The truth is not always pleasant to hear. Those in a position to do so may simply refuse to participate in uncomfortable conversations. Others may even go so far as to prohibit the teaching of information they consider “divisive” simply because it makes them or others like them uncomfortable.
However, it is a privilege that is not granted to everyone, and especially not to our families in Kentucky whose lived experiences do not match what is currently taught in our public schools. Additionally, schools that refuse to embrace concepts of equity, diversity and inclusion add to the trauma that many students who feel bullied, isolated, and even abused, simply because they are the best of themselves.
And now, a disinformation campaign that promotes the feelings of the privileged few, while rejecting the lived experiences of our most marginalized students, is sweeping the nation. Some lawmakers, who want to push this imbalance of representation in our classrooms even further, have proposed unnecessary and unconstitutional legislation that would completely ban the teaching of exact history in our public schools.
In doing so, they are the ones who are spreading hatred and fear, which they claim their bills would prevent. A quick demographic check of those in favor of this archaic legislation are mostly white, while the majority of stakeholders in JCPS, a predominantly non-white neighborhood, oppose it. Clearly, those who characterize the teaching of concepts related to equity, diversity and inclusion as “divisional” or even “discriminatory” are those who benefit most from rejecting these truths in favor of retention. of the status quo.
Our state’s curriculum, activities, and textbooks are already slanted in a way that predominantly dominates the outlook of white, predominantly heterosexual, and predominantly Christian males. By specifically targeting issues related to race, gender and religion, this bill would curb any effort to encourage critical reflection on the roles these factors may have played in our country’s history and pave the way to make some of the same horrible acts and avoidable mistakes all over again.
For years grassroots organizations, educators, parents / guardians and students have raised the REAL concerns that our lawmakers need to address in our public schools, NOT lean more towards windmills, NOT create witch hunts for pursue our best teachers, and NOT come with more reason to stifle the last breath that our public schools and teachers have left in them.
The bills would ban teachers from teaching (and prevent students from learning!) Exact history and, due to their emergency provision, immediately wreak havoc in districts with diverse populations. These proposed laws are unnecessary, unconstitutional, and would unfairly and unfairly tie the hands of more diverse districts such as Jefferson and Fayette County, and end up wasting more precious time and resources that our students and schools do not have.

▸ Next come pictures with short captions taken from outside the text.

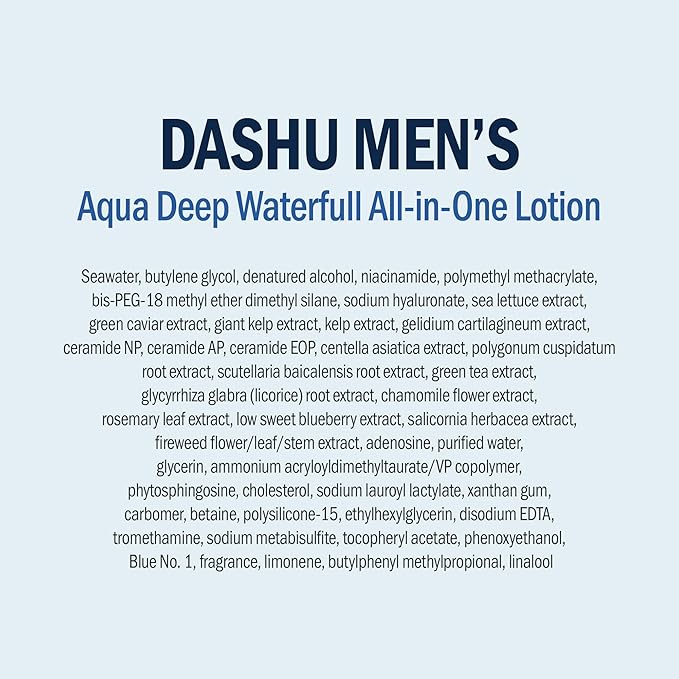 DASHU Aqua Deep Waterfull All-in-One Face Lotion for Men | Hydrating Age-Defying Toner, Essence, Moisturizer & Cream Korean Lotion 5.17 fl oz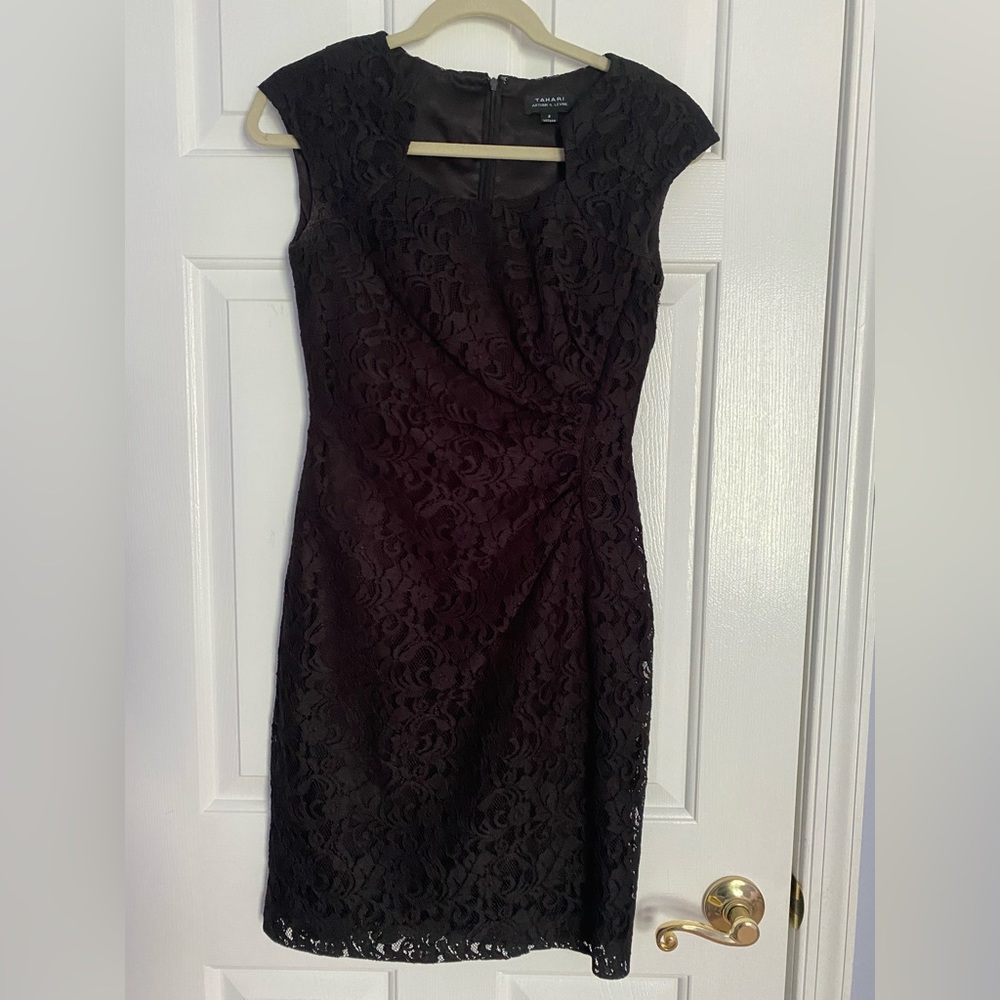 Tahari black lace dress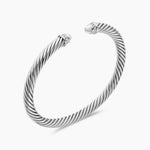 Classic Cable Bracelet Sterling Silver with Pearls and Diamonds, 5mm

The quote from former President Eisenhower, which is inscribed on the wall of the United States Holocaust Memorial Museum in Washington, DC, reminds us:
“I made the visit deliberately, in order to be able to give first-hand evidence of these things, if ever in the future there develops a tendency to attribute these allegations to propaganda.”
The Kentucky General Assembly began this week. The two bills that would suppress the teaching of collective truths from our nation, no matter how well intentioned, should move quickly. We must demand of our legislators STOP HB14 and HB18 before they go any further. Instead, they should SUPPORT HB67 and HB88, which would require teaching the rich and precise history of racism in our country and state, no matter how uncomfortable it makes us, and strengthen the decision-making advice based on the site, not weakening them as SB1. tries to do.
The future of our humanity depends on it.
Gay Adelmann is the co-founder of Dear JCPS and Save Our Schools Kentucky. She has also been a board member of the Kentucky Alliance Against Racist and Political Repression since 2020 and is a 2014 member of the GCIPL.